Alvin bent his head. It had still been an open question for everyone whether or not he’d be helpful in the way he had claimed he would. Clayton thought that was probably true even for him. It was proven now.
“Good job to you too, Tom. Was it hard to keep it at bay?” Clayton asked.
“No. Just one of those isn’t a problem at all. I could have kept it busy all day if I needed to. I can do more, but my level just isn’t high enough yet.”
“Three, right?”
“Yes. Hopefully that will change soon. There’s no reason we wouldn’t get experience from these, right?”
“No. Not unless something weird happens. Which… oh. Yes. That is the kind of thing that can happen here, I guess.”
“That’s not good.” Grace dismissed the message with a scowl. “I was counting on us getting stronger.”
“It gets worse. We’re in danger,” Clayton said, his skill once again pinging him.
“From there.” Alvin said, turning. He pointed his gaze at what Clayton saw were around ten furrows, approaching quickly. “We can’t take ten, right? We could barely take four.”
“No, we can’t,” Tom said. “Run.”
They all took off as one, sprinting through the tall grass and thankful for the unnaturally flat terrain. Clayton craned his neck to look behind them as they ran, seeing occasional flashes of red as the Chronale pack closed the distance.
“We can’t keep this up. They’re gaining on us,” Clayton said.

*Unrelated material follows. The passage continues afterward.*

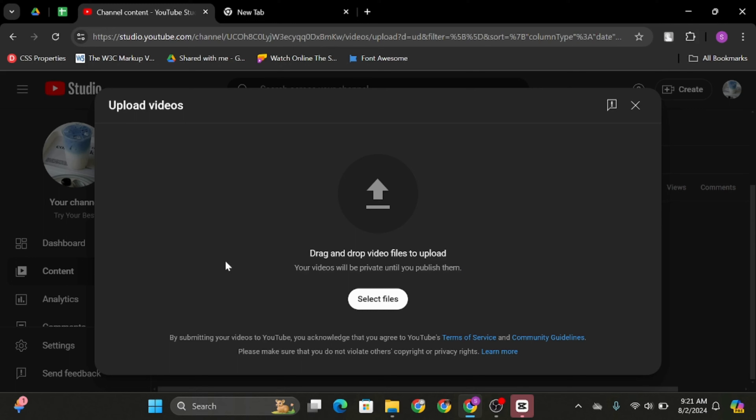Once done, it will open up your file explorer. From there, upload a vertical video. Also, make sure the ratio is vertical and not PC size.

“We need to. But there’s hope. Look ahead.” Grace nodded forward. “The terrain’s changing. We need to get into that crack.”
Ahead of them, much to close to have made any sense, a cliff was now looming. It was a badly weathered thing, dotted here and there with massive cracks in the face of it. This far off, it was hard to tell if they led anywhere at all.
“Won’t we be trapped?” Clayton asked.
“It’s our best shot,” Grace shot back. “Otherwise, someone needs to carry me and we keep running.”
“I’ll do it.” Alvin volunteered. “I’m the least useful. And the strongest, I think.”
The Chronales continued to close the gap as the cracks came closer and closer. By the time the four of them broke out of the grass into the clear, rocky ground ahead of the wall itself, they were literally nipping at their heels. Grace shouted again as they got close.
“Into the crack. The narrow one. I have to be last.”
“You’re sure?”
“I’m sure.” Grace tried and failed to sound confident. “Just make sure and pull me out of the way if it doesn’t work.”
They dove into the crack one by one, with Tom leading the way and Clayton just behind. Alvin stuck close to Grace, who made it several steps in before the first of the Chronales made it across the threshold.
“Do it,” Clayton yelled.
“Not yet.” A Chronale was steadily moving towards Grace, snarling and cautious. It reached forward with its jaws to grab at her foot, which she barely pulled out of the way. She still didn’t fire. “A few more seconds.”
“Grace, dammit, I don’t want you to die. Just do it.”
“Not yet. Soon… now!”
Grace’s arm shot forward as a massive beam of light issued forth, so strong that Clayton was only able to see for a moment before the glare forced him to turn away. The Chronales in its way, by contrast, had no way to escape the pain. There was a short yelp, then a few howls that cut off abruptly a second or two later, then silence.
“She’s… wow. That’s incredible.” Alvin caught Grace as she fell. There were no Chronales, now, although a few bits of fur and burned flesh here and there indicated where they had probably gone. “Really amazing. She’s out, though.”
“Yeah, I see that. I didn’t expect it to knock her completely out.” Clayton looked behind him further into the crack, where shadows obscured most of what he could have seen. “We could have used the light, too.”
“We need to get deeper,” Tom said. “I can hear more of them coming. We need to be hidden.”
“There could be worse back there.”
“There could. But it’s death out here. Let's go.”
Clayton didn’t have any response for that except to stand up. His danger senses weren’t telling him anything just yet. They put Alvin between them as Tom covered their retreat and Clayton put his danger sense to work scouting out in front of them. He could only hope they survived until Grace came back to turn the lights on for them.